What We Learned from $400,000 in Sinus Ad Spend (Google Ads)
- Jeremy McGrew
- Sep 25, 2025
- 4 min read
Over the past year, we've spent over $400,000 in advertising for nasosinus campaigns. 2 million people saw our ads, nearly 90,000 clicked on them, and over 4,800 became new patient leads.
The insights below are not theory, but raw behavioral data straight from the search bar — millions of moments where nasosinus patients told us, in their own words, exactly what they were looking for.
Every single search term is a snapshot of intent. It’s what people type when their head is pounding, when they can’t sleep because they can’t breathe, or when they’ve finally reached the point of needing a specialist. After analyzing 392,000 individual search terms (thanks AI!), a clear picture emerges — and some of it flies directly in the face of what most practices assume about their patients.
Here are five data-driven truths we uncovered.
1. Procedure searches are only part of the picture — patients start with symptoms and providers.
At Clickcase, we fervently believe practices should focus on specific procedures as the ultimate outcome of their marketing. After all, outcomes — not just new patients — are what drive growth. But here’s the counterintuitive part: most patients don’t start by searching for the procedure.
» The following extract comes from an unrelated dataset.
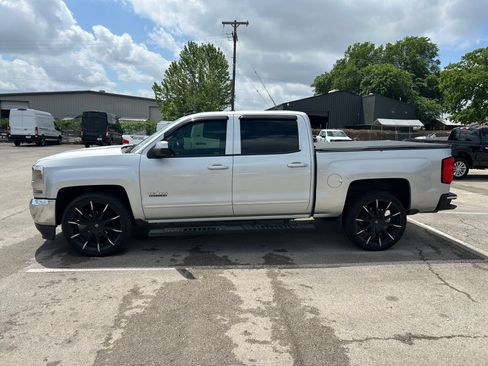 Used 2016 Chevrolet Silverado 1500 LT w/ Texas Edition image 19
They begin with symptoms (“chronic sinus infection,” “blocked nose won’t go away”) or providers (“ENT near me,” “ear nose and throat doctor in [city]”). These dominate the top and middle of the funnel. The procedure-specific searches, like “balloon sinuplasty,” show up later — they’re a smaller slice of the overall pie, but they’re highly qualified.
This means your practice needs a two-pronged strategy: cast a wide net with symptom and provider terms to capture early interest, then funnel patients toward procedure-based education and scheduling as they progress.
2. Geography beats everything.
One of the strongest predictors of readiness to schedule is whether the patient includes geography in their search. Terms like “ENT near me” or “ENT doctor in [city]” convert at rates multiple times higher than generic terms like “sinusitis.”
Why? Because geography signals intent and immediacy. Patients don’t just want information — they want a solution that feels accessible. Seeing a local option bridges the psychological gap between knowing they need help and actually booking the appointment.
For practices, this reinforces the importance of local SEO (which we don't do, sorry), tightly geofenced ad campaigns, and making sure your online presence screams: we are here, close to you, and ready to help.
3. Desperation lives in the symptom searches.
When someone types “remove nasal polyps” or “constant sinus headache won’t go away,” they’re not browsing casually. They’re desperate. These terms don’t always convert directly into booked procedures — not because the patients aren’t real, but because they’re at the top or middle of the funnel.
Right now, they’re seeking clarity more than they’re seeking a surgery date. That makes them prime candidates for nurturing. If you meet them with genuinely useful information — a quiz, a guide, or an educational video — and collect their contact info, you can walk with them from awareness to action.
(This is the sweet spot where Clickcase thrives: turning symptom-driven chaos into procedure-driven clarity over time.)
4. Big names get clicks, but patients still choose local.
The data shows something subtle: people often search for large, recognizable healthcare names. The impressions are strong, but the conversions lag far behind.
The insight here isn’t about any one brand — it’s about psychology. Patients may check out big names out of curiosity, but when it comes time to choose a doctor, they overwhelmingly prefer someone local and accessible. The “brand halo” draws them in, but trust is built on proximity and an enjoyable (yes, enjoyable) patient experience.
For private practices, this is great news. You don’t need a giant advertising budget to win. You just need to show up consistently, locally, and with authority. Most of our practices start with a small budget and dominate.
5. Generic terms are expensive training wheels.
Broad searches like “ENT” rack up thousands of impressions, but they’re costly and convert poorly. They’re also competitive — everyone is bidding on them, which drives prices up.
But here’s the nuance: these broad terms aren’t useless. In the early stages of a campaign, they help you gather data and train your targeting. You can see what kinds of patients surface, what language they use, and where the strongest signals are hiding.
Once you’ve dialed in, though, the smart move is to (carefully!) start shifting budget toward more precise terms — symptoms, geography, and procedures — where conversion rates are higher and costs are lower. Think of these generic broad terms as scaffolding: useful to build with, but not where you want to stay forever.
Lessons Learned (and how to market your practice)
Put it all together and you see the real psychology of sinus patients:
They start with symptoms and chaos.
They quickly anchor to geography when they’re serious.
They pour their desperation into the search bar long before they’re ready to schedule.
They’ll glance at big names but ultimately trust local providers.
And Google will waste your money if you chase broad traffic without a plan to refine.
That’s the beauty of analyzing millions of searches: you stop guessing and start seeing patients exactly as they are.
And when you understand them that clearly, you can meet them at every stage of the journey — and guide them all the way to the treatments that change their lives....and grow your practice.